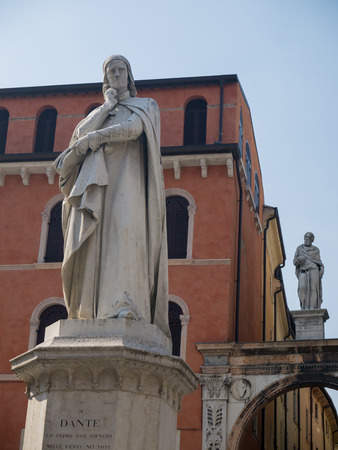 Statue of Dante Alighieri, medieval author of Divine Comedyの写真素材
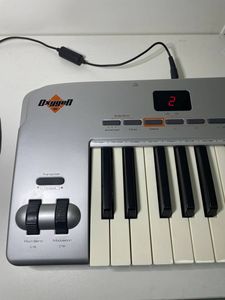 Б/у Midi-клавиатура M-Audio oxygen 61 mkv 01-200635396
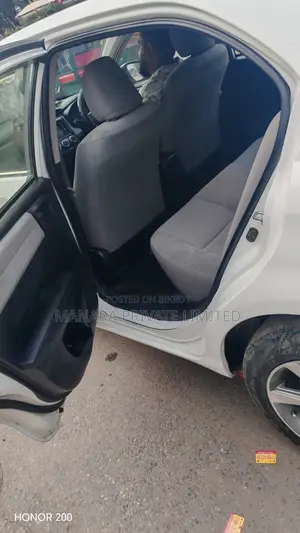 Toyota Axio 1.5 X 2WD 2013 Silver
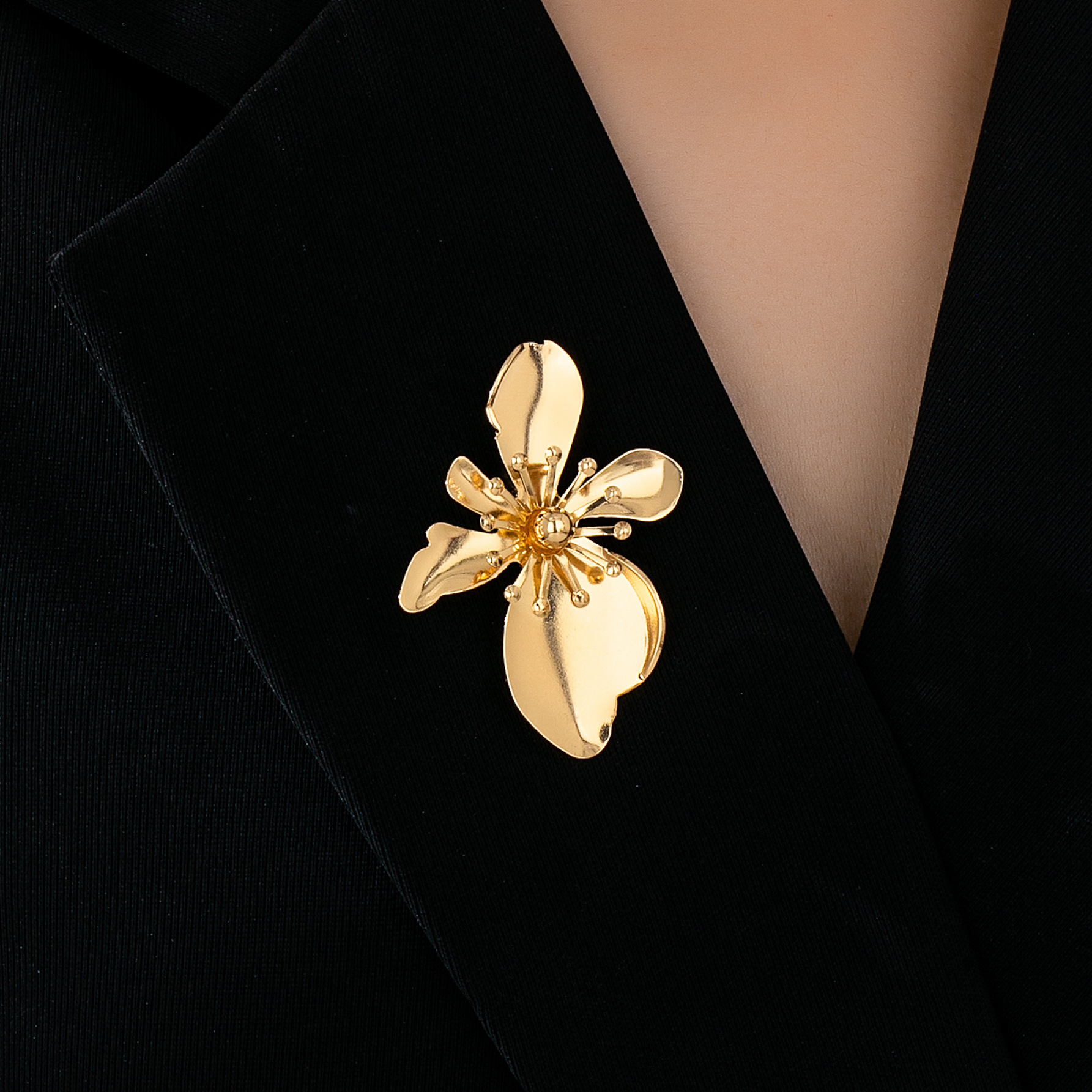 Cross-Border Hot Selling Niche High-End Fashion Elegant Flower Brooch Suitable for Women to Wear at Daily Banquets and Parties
___
EXERCISE REQUIREMENTS:
Return the material word for word, images omitted.

SOLUTION TO THIS TASK:
 Statue of Dante Alighieri, medieval author of Divine Comedyの写真素材
 Б/у Midi-клавиатура M-Audio oxygen 61 mkv 01-200635396
 Toyota Axio 1.5 X 2WD 2013 Silver
 Cross-Border Hot Selling Niche High-End Fashion Elegant Flower Brooch Suitable for Women to Wear at Daily Banquets and Parties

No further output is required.